WORK TO COMPLETE:
In the entries that follow, find the line containing "Přisazený lustr SOMA"; from there, copy every line exactly through the line containing "Afends Womens Pascale".

=======

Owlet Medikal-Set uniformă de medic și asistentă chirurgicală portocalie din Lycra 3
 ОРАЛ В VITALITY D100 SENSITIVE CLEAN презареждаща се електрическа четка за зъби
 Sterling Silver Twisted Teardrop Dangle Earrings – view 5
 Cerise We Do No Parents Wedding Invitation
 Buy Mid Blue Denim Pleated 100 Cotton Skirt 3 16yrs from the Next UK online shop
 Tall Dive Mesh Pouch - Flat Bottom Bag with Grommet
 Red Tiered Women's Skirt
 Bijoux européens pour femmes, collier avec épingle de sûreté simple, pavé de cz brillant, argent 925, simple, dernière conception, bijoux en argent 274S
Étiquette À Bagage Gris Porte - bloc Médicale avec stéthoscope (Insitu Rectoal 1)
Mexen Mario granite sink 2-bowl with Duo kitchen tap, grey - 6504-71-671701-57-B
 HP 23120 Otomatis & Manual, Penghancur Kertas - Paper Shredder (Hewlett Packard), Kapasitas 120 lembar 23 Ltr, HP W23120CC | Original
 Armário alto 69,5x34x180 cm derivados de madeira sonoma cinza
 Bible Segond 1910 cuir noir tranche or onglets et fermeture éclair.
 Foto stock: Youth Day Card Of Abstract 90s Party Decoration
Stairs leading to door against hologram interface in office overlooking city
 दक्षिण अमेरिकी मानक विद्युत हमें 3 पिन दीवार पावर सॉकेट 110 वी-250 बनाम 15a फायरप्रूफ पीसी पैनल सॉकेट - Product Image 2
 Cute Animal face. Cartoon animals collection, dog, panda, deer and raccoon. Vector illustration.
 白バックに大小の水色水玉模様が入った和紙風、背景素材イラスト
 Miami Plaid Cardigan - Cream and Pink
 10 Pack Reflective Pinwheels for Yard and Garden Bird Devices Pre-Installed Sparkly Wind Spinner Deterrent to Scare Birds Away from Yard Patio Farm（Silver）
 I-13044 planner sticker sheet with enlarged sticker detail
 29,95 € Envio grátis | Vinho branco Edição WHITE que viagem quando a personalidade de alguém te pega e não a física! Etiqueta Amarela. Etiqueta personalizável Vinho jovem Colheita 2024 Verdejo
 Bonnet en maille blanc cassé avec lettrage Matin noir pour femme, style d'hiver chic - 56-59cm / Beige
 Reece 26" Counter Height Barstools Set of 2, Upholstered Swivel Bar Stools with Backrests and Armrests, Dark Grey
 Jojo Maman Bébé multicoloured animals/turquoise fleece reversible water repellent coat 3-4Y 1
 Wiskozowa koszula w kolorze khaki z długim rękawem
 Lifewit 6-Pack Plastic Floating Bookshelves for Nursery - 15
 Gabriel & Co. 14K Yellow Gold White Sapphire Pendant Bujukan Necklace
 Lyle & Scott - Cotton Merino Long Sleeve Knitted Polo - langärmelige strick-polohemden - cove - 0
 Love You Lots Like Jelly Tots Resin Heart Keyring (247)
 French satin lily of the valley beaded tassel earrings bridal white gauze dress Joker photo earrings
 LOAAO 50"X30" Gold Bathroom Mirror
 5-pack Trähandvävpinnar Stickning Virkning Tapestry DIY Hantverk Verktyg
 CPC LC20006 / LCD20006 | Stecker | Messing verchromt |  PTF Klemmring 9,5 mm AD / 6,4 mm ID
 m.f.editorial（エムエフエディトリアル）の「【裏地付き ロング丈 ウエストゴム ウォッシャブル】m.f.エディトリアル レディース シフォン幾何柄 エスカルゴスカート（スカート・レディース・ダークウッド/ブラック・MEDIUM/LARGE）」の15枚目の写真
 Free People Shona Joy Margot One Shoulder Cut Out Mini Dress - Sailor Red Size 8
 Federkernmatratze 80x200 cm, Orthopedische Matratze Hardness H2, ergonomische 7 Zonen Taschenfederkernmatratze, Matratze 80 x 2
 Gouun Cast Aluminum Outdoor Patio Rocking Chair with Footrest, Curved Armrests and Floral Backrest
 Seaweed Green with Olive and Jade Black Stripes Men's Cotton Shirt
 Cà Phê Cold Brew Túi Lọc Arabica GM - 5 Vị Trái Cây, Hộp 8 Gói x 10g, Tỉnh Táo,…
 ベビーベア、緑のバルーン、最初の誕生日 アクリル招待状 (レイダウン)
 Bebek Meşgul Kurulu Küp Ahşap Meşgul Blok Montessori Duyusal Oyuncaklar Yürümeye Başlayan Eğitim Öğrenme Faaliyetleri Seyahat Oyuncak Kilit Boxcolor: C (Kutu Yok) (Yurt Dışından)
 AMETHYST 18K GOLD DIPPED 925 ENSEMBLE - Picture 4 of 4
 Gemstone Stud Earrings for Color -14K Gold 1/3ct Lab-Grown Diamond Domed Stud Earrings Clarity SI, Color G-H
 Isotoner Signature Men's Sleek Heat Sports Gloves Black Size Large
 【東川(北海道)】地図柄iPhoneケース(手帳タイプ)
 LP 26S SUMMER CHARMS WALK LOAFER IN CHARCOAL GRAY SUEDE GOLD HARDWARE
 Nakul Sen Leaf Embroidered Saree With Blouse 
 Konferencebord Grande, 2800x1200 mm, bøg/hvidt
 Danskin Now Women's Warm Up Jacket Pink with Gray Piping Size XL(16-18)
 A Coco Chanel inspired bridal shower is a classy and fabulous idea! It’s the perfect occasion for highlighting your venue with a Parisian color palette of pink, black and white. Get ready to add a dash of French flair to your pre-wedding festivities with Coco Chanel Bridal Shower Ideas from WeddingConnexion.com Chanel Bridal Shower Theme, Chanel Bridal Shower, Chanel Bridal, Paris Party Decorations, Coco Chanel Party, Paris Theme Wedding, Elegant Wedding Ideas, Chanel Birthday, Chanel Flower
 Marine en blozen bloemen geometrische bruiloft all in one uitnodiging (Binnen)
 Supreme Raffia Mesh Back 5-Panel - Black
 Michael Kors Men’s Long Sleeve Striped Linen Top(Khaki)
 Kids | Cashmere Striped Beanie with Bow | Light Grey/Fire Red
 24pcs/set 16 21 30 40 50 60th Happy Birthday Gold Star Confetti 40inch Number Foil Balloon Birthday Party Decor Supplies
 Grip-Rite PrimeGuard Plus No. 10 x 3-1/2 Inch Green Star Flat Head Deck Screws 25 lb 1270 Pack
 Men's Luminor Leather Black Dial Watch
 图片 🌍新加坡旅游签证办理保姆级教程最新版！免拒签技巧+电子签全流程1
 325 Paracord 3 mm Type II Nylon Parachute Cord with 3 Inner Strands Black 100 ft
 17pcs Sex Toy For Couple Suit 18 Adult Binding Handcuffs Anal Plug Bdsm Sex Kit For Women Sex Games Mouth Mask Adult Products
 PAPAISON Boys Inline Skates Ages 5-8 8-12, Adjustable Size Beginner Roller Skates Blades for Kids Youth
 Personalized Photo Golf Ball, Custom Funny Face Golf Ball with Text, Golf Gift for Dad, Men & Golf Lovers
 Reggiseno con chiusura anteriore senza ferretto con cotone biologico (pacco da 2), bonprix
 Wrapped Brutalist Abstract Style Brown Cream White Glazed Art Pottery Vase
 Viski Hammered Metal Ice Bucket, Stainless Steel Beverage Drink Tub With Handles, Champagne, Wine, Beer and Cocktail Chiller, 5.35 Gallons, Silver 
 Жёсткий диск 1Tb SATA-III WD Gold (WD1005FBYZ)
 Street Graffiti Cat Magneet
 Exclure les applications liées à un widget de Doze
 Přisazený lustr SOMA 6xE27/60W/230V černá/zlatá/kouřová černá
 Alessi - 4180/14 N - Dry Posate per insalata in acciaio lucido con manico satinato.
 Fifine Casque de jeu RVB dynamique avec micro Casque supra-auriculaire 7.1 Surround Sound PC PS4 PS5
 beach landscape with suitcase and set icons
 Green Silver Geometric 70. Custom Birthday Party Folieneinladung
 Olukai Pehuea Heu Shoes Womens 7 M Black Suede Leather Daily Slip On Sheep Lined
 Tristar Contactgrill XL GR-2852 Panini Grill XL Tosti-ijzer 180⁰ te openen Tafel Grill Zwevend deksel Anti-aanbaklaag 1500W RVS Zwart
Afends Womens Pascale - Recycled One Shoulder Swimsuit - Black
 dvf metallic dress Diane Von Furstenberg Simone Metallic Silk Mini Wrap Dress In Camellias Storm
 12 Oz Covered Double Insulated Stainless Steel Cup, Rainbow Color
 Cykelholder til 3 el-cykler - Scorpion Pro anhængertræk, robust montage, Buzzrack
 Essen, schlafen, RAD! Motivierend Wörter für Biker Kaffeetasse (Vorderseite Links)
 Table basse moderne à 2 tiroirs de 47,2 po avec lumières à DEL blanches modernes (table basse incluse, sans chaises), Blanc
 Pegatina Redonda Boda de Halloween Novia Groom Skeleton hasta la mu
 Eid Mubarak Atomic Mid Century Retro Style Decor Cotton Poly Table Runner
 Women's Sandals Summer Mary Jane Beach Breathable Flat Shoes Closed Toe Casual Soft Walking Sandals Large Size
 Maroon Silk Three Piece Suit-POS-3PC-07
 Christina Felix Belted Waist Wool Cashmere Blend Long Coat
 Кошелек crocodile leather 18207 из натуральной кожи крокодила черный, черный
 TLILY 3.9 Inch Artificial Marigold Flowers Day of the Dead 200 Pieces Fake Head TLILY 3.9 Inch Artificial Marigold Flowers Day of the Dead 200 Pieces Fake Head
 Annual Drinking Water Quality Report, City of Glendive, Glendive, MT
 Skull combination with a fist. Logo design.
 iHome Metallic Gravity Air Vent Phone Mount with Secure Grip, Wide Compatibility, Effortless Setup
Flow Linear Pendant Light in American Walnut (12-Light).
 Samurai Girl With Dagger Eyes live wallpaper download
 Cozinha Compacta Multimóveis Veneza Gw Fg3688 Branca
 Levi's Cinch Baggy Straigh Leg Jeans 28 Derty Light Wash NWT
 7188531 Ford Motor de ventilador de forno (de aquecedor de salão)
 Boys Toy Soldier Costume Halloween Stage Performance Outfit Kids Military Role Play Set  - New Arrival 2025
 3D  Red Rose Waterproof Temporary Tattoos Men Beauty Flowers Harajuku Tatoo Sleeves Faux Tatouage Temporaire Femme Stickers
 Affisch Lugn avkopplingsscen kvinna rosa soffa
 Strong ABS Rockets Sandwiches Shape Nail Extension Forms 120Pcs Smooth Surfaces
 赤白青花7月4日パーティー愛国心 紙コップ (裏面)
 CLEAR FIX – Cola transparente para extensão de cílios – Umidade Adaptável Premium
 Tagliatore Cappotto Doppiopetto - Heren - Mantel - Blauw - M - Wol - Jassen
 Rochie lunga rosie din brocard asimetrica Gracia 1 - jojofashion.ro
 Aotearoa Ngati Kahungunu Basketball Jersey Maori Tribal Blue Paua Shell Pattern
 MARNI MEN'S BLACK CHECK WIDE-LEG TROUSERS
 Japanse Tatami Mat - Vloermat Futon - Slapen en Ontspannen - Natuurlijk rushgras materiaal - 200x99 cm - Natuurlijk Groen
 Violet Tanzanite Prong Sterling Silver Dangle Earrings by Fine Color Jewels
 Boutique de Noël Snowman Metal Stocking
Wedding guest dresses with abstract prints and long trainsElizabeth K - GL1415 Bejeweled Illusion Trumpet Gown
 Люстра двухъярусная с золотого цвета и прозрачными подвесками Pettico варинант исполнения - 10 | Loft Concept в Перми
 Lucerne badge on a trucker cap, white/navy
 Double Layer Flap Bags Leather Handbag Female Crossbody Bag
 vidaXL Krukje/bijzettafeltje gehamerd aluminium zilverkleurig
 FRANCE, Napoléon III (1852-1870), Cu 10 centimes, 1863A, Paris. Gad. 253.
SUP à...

=======

RESPONSE TO THIS EXERCISE:
 Přisazený lustr SOMA 6xE27/60W/230V černá/zlatá/kouřová černá
 Alessi - 4180/14 N - Dry Posate per insalata in acciaio lucido con manico satinato.
 Fifine Casque de jeu RVB dynamique avec micro Casque supra-auriculaire 7.1 Surround Sound PC PS4 PS5
 beach landscape with suitcase and set icons
 Green Silver Geometric 70. Custom Birthday Party Folieneinladung
 Olukai Pehuea Heu Shoes Womens 7 M Black Suede Leather Daily Slip On Sheep Lined
 Tristar Contactgrill XL GR-2852 Panini Grill XL Tosti-ijzer 180⁰ te openen Tafel Grill Zwevend deksel Anti-aanbaklaag 1500W RVS Zwart
Afends Womens Pascale - Recycled One Shoulder Swimsuit - Black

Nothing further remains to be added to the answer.